Uniform guidance for federal awards

The OMB could consider the following actions:

  • Develop guidance that adapts the recent OMB M-24-10 AI guidance2 to apply to AI use by other recipients of federal funds, including grants, loans, and other forms of financial assistance. The guidance could establish a similar framework for agencies to assess the safety- and rights-impacting purposes of AI from the OMB M-24-10 AI guidance3 and mitigate the harmful consequences of the applicable risks thereof, using minimum practices for AI risk management. The guidance could urge agencies to impose conditions on federal funds to the extent the statutory sources of those funds allow such conditions.
  • Update the uniform guidance for federal awards at 2 C.F.R. Part 200, pursuant to 31 U.S.C. §§ 6307 and 503(a)(2), to incorporate AI risk assessment—and the steps that applicants are taking to mitigate risks—into agencies’ consideration of applications for federal funding, as permitted by the statutory sources for such funding. Specifically, the OMB could update 2 C.F.R. § 200.206(b)(2) to include an assessment of AI risk within its risk evaluation requirements; update 2 C.F.R. § 200.204(c) to require or suggest that the full text of funding opportunity announcements include any AI risk evaluation requirements; and update 2 C.F.R. § 200.211 to require or recommend that federal award publications include the results of AI risk analyses produced during the application process. The current risk evaluation section permits a federal agency to consider the “applicant’s ability to effectively implement statutory, regulatory, or other requirements imposed on non-Federal entities.”4 A revised uniform guidance could explicitly suggest that federal agencies consider the potential for grantees’ use of AI to impact their ability to comply with such requirements and the impact AI use could have on the other categories of risk specified in the current guidance.

Updates to regulatory review

The president, OMB, and OIRA could consider the following actions:

  • Issue a new requirement in the regulatory review process that would require agencies to include a brief assessment of 1) the potential effects of significant regulatory actions on AI development, risks, harms, and benefits, and 2) an assessment of the current and anticipated use of AI by regulated entities and how that use is likely to affect the ability of any proposed or final rule to meet its stated objectives. This requirement could follow the format of the benefit-cost analysis required by the current Executive Order 12866. The modification to the regulatory review process could take the form of a new executive order, a presidential memorandum,5 or an amendment to Executive Order 12866 that adds a subsection to §1(b) and/or §6(a).
  • Issue a presidential memorandum directing agencies and encouraging independent agencies to review their existing statutory authorities to address known AI risks and consider whether addressing AI use by regulated entities through new or ongoing rulemakings would help ensure that this use does not undermine core regulatory or statutory goals. Such a presidential memorandum would primarily give general direction, similar to the Obama administration’s behavioral sciences action,6 rather than require a specific analysis on every regulation.
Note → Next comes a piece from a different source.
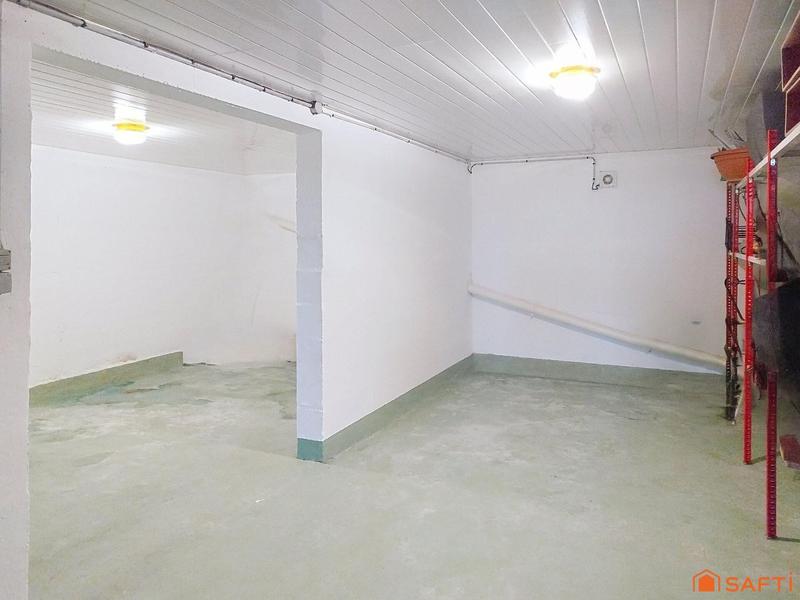 Maison - 301 m² - 10 pièces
    The presidential memorandum could direct executive departments and agencies, or perhaps even the chief AI officer established in the 2023 executive order on AI and further detailed in the OMB M-24-10 AI guidance,7 to:

    • Identify whether their policies, programs, or operations could be undermined or impaired by the private sector use of AI tools.
    • Comprehensively complete the inventory of statutory authorities first requested in OMB Circular M-21-06,8 which directed agencies to evaluate their existing authorities to regulate AI applications in the private sector.
    • Outline strategies for deploying such statutory authorities to achieve agency goals in the face of identified private sector AI applications.

Federal contracting

Federal procurement policy and Federal Property and Administrative Services Act (FPASA)

As the OMB prepares the forthcoming procurement guidance mentioned in OMB M-24-10 AI guidance,9 it may also want to consider whether it can include standards that:

  • Ensure baseline levels of competition and interoperability, such that agencies do not get locked into using the services of a single AI firm.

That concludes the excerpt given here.